Collected data
---+---
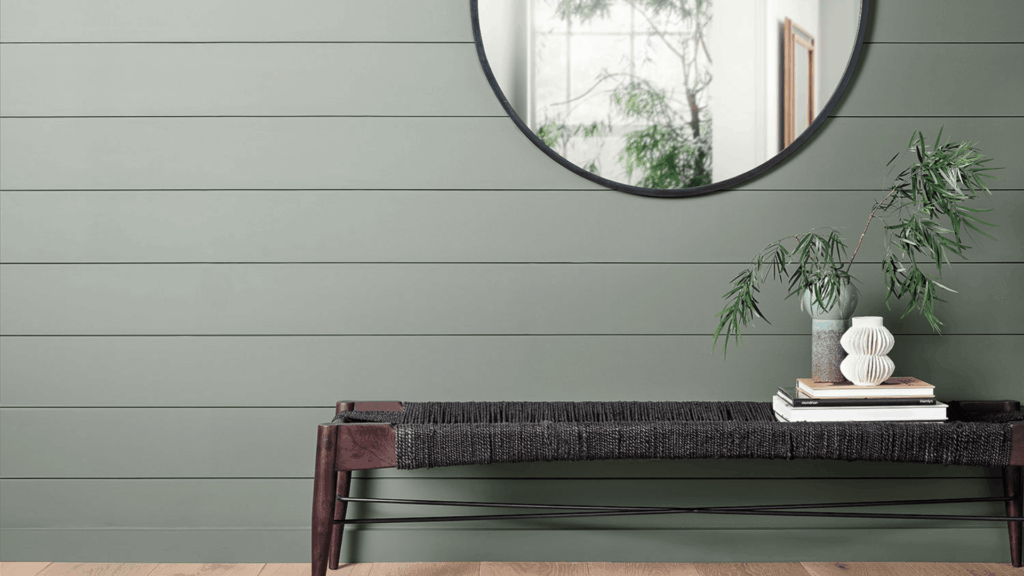 entryway interior with bench mirror and decor with wall painted in sherwin williams pewter green and light wood floor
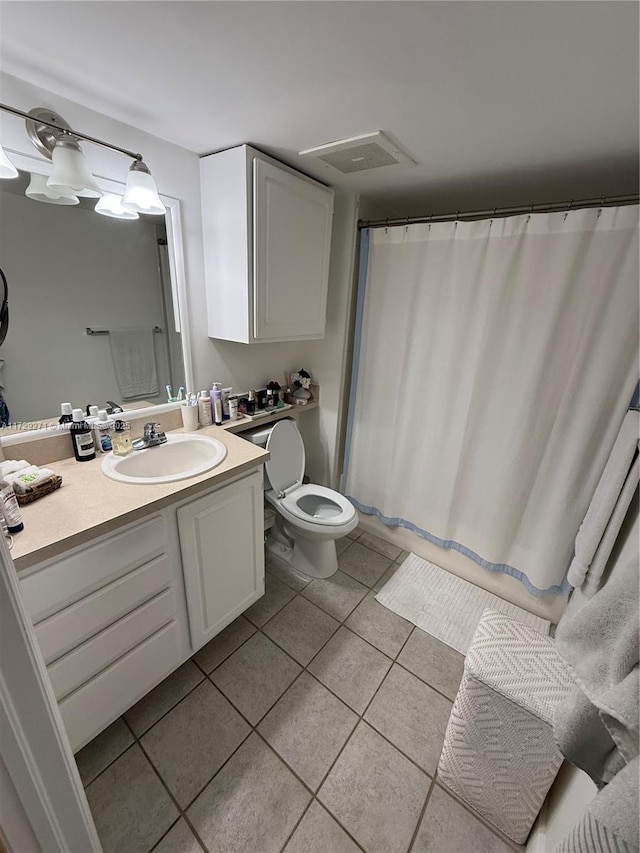 bathroom featuring tile patterned floors, vanity, toilet, and walk in shower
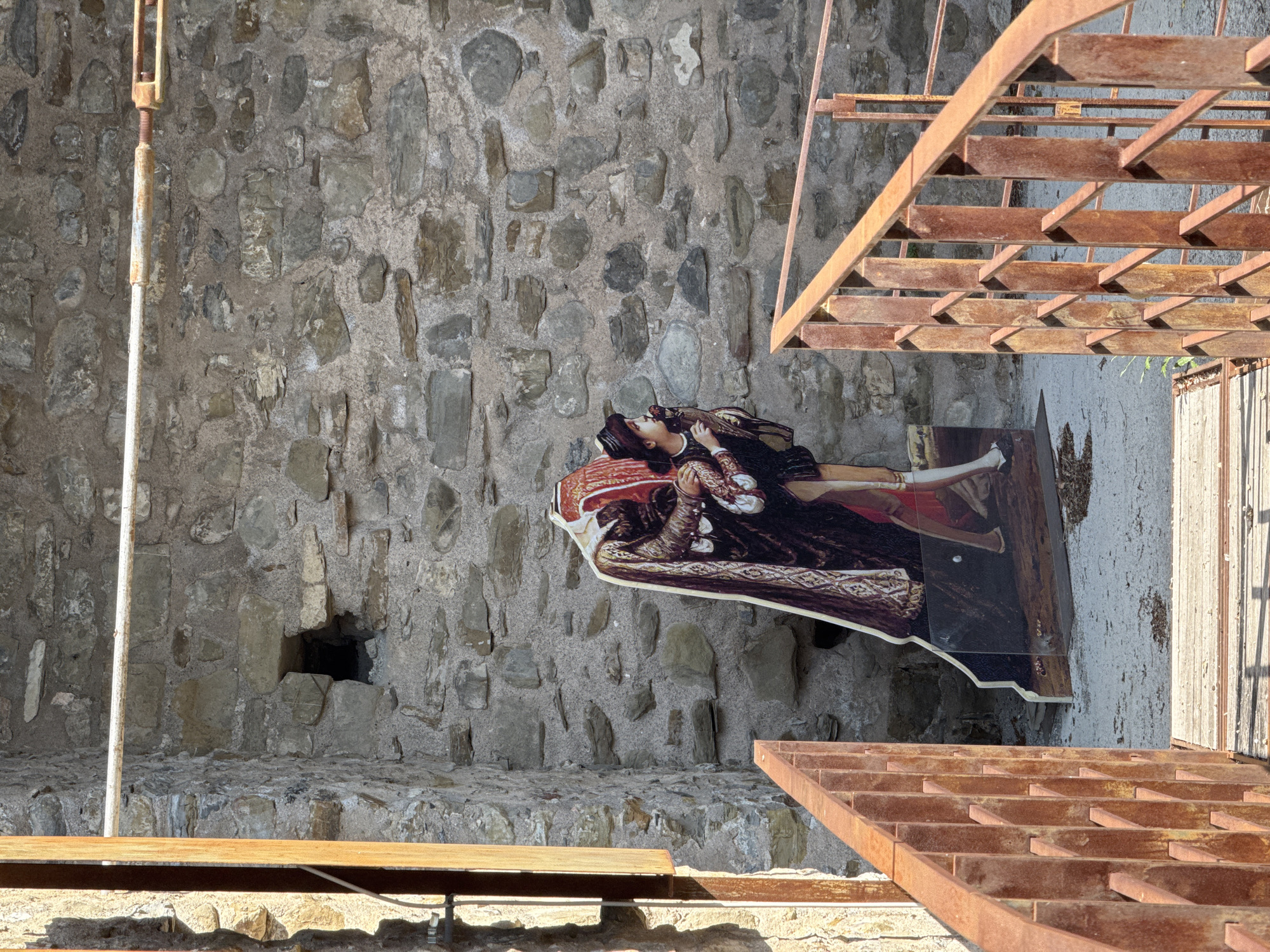 A cutout figure depicting a man in historical attire stands in front of a stone wall, partially obscured by a rusty metal railing. The figure's head is cropped out of the frame, but the elaborate cloak and the lower half of the man's body, including his legs and feet in stockings and shoes, are visible. He is shown from the waist down, with his right hand touching a bird perched on his left hand. The background is a rough stone wall with an opening to a dark space. A narrow wooden walkway with a rusty metal railing leads towards the figure. The scene is located in Dolceacqua, Italy, near the Doria Castle.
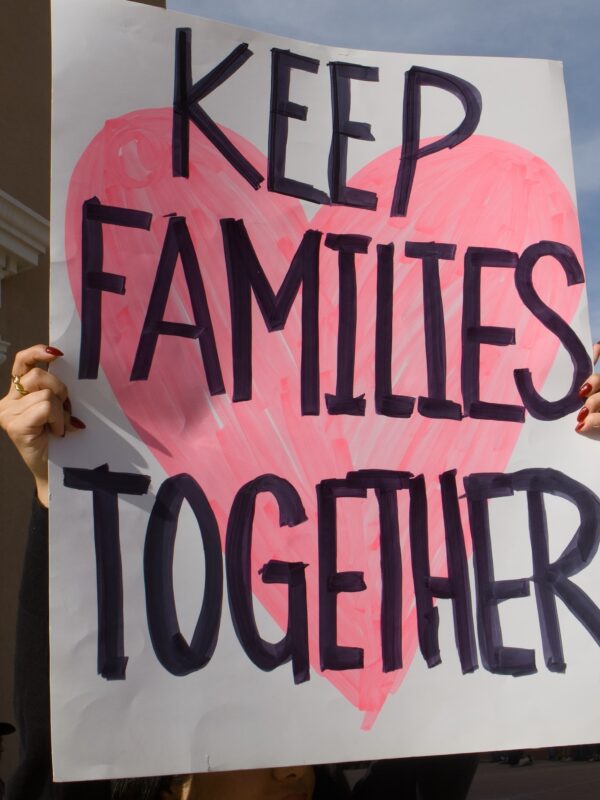 A protest sign that reads "Keep families together"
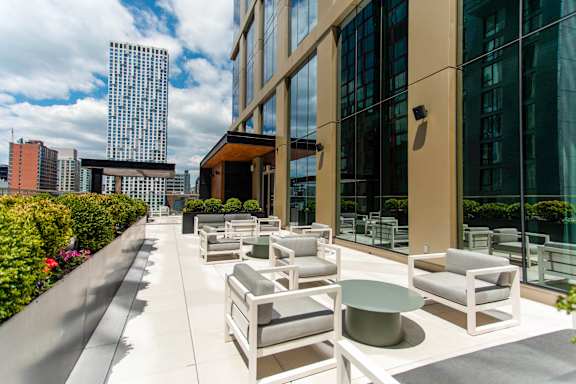 A patio with white furniture and a building in the background.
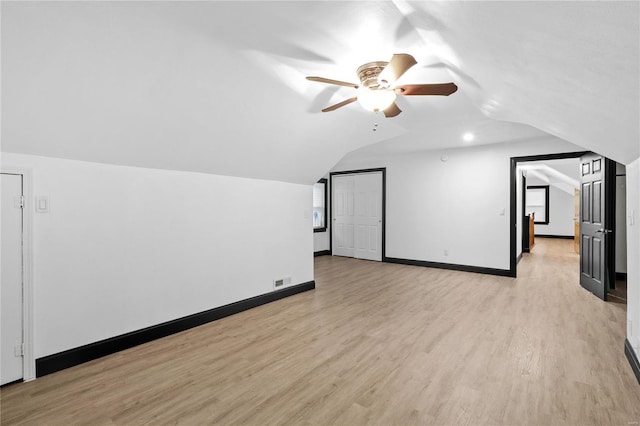 additional living space with vaulted ceiling, light hardwood / wood-style flooring, and ceiling fan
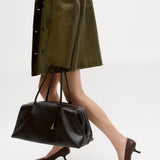 Person wearing a green coat and brown shoes, holding a Chocolate Club Large Handbag on a white background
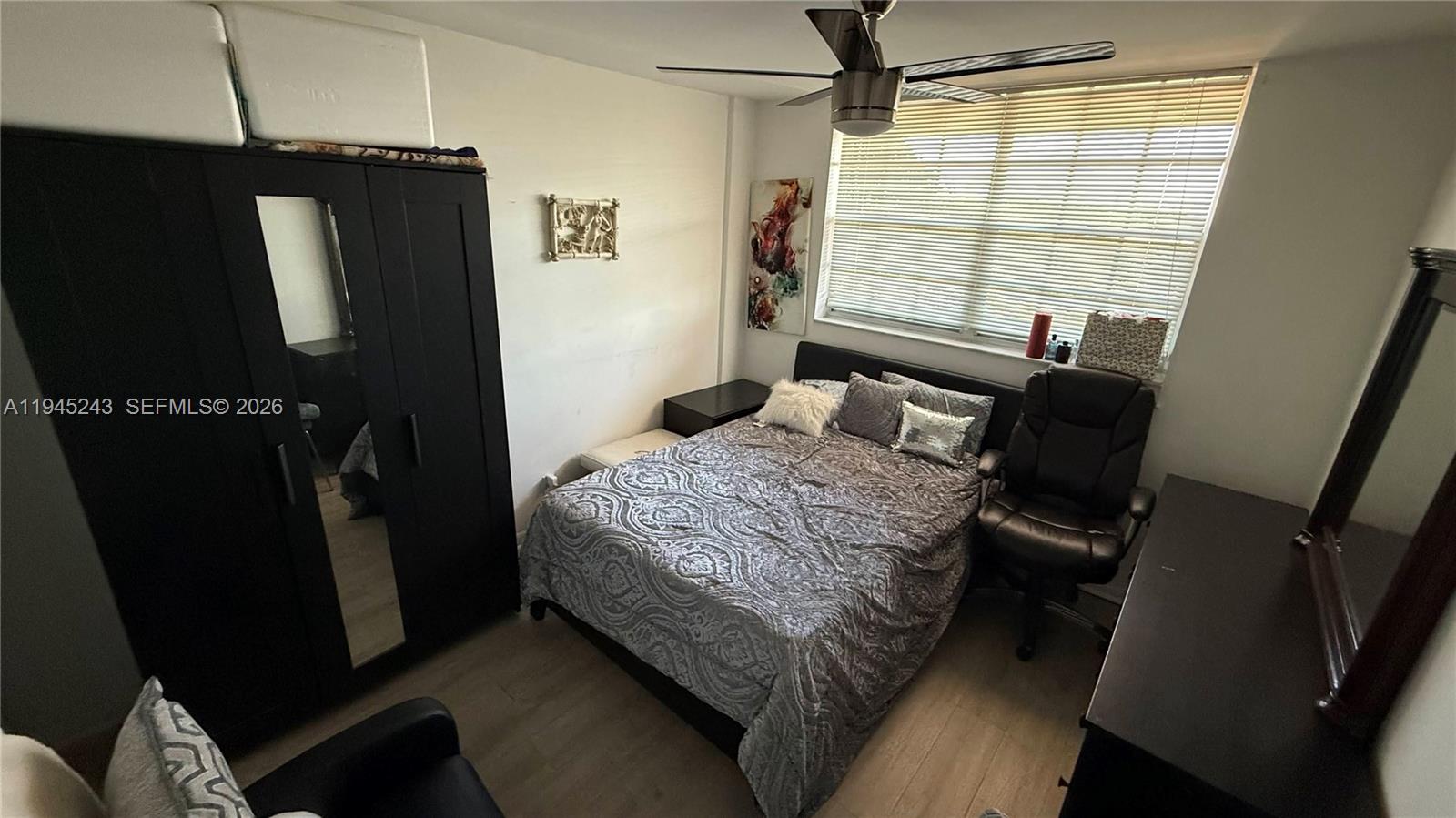 4502 North Federal Highway, Unit 336D Lighthouse Point, FL 33064 - Photo 5 of 12 a bedroom with a bed next to a window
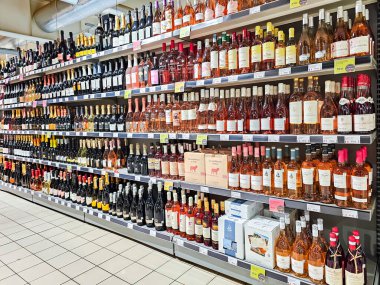 LATVIA, RIGA, AUGust, 30, 2025: Riga, Letonya 'daki SKY ve More hipermarketinde çeşitli kırmızı, gül şarapları, şampanya, vermut ve diğer alkollü içeceklerle dolu büyük bir bölüm.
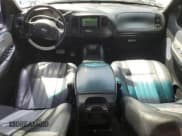 ✅ 2003 Ford F-150 Harley-Davidson • VIN: 1FTRW07383KD62463 • Lot: 49995655. Listed on Copart with 131,683 mi. Free auction sales archive from the USA and detailed vehicle history report at DreamBid. Image 8.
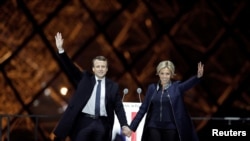 French President elect Emmanuel Macron and his wife Brigitte Trogneux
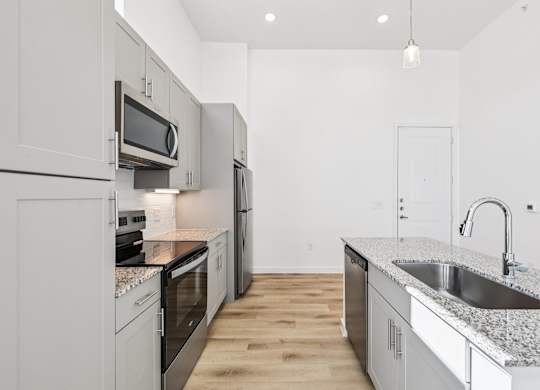 A kitchen with a granite countertop and stainless steel appliances.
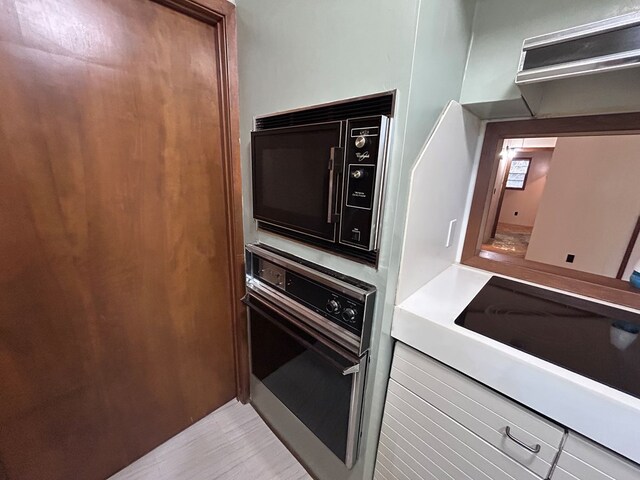 kitchen featuring black microwave, light countertops, and wall oven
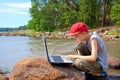 Young boy using a laptop Royalty Free Stock Photo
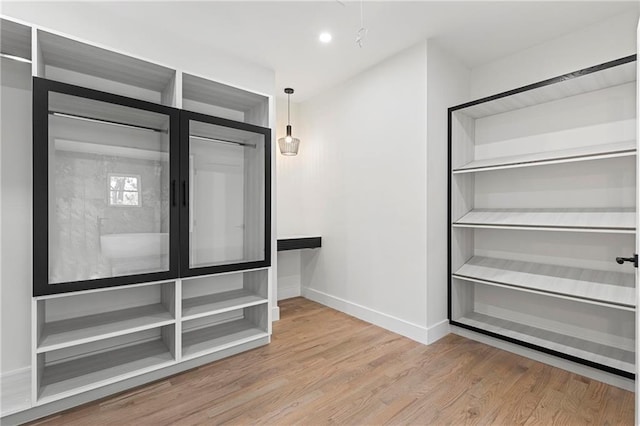 1857 Defoor Ave, Atlanta, GA 30318 - spacious closet with wood finished floors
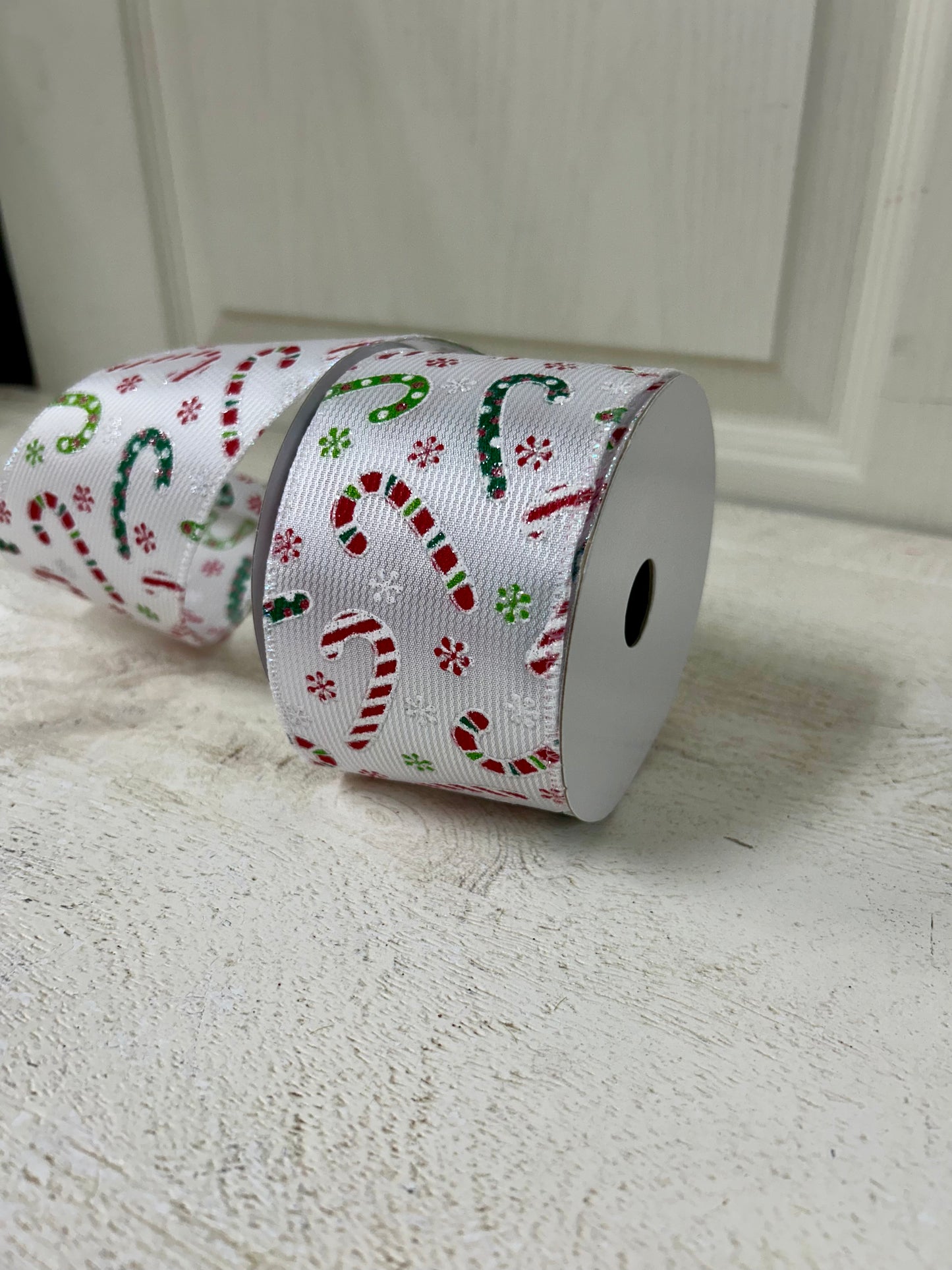 2.5 Inch By 10 Yard Multicolored Candy Canes With Multicolored Snowflakes On A White Textured Background Ribbon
---+---
• **Task description**
Without the pictures, retype each line of the records above exactly.

• **Answer for the task**
 entryway interior with bench mirror and decor with wall painted in sherwin williams pewter green and light wood floor
 bathroom featuring tile patterned floors, vanity, toilet, and walk in shower
 A cutout figure depicting a man in historical attire stands in front of a stone wall, partially obscured by a rusty metal railing. The figure's head is cropped out of the frame, but the elaborate cloak and the lower half of the man's body, including his legs and feet in stockings and shoes, are visible. He is shown from the waist down, with his right hand touching a bird perched on his left hand. The background is a rough stone wall with an opening to a dark space. A narrow wooden walkway with a rusty metal railing leads towards the figure. The scene is located in Dolceacqua, Italy, near the Doria Castle.
 A protest sign that reads "Keep families together"
 A patio with white furniture and a building in the background.
 additional living space with vaulted ceiling, light hardwood / wood-style flooring, and ceiling fan
 Person wearing a green coat and brown shoes, holding a Chocolate Club Large Handbag on a white background
 4502 North Federal Highway, Unit 336D Lighthouse Point, FL 33064 - Photo 5 of 12 a bedroom with a bed next to a window
 LATVIA, RIGA, AUGust, 30, 2025: Riga, Letonya 'daki SKY ve More hipermarketinde çeşitli kırmızı, gül şarapları, şampanya, vermut ve diğer alkollü içeceklerle dolu büyük bir bölüm.
 ✅ 2003 Ford F-150 Harley-Davidson • VIN: 1FTRW07383KD62463 • Lot: 49995655. Listed on Copart with 131,683 mi. Free auction sales archive from the USA and detailed vehicle history report at DreamBid. Image 8.
 French President elect Emmanuel Macron and his wife Brigitte Trogneux
 A kitchen with a granite countertop and stainless steel appliances.
 kitchen featuring black microwave, light countertops, and wall oven
 Young boy using a laptop Royalty Free Stock Photo
 1857 Defoor Ave, Atlanta, GA 30318 - spacious closet with wood finished floors
 2.5 Inch By 10 Yard Multicolored Candy Canes With Multicolored Snowflakes On A White Textured Background Ribbon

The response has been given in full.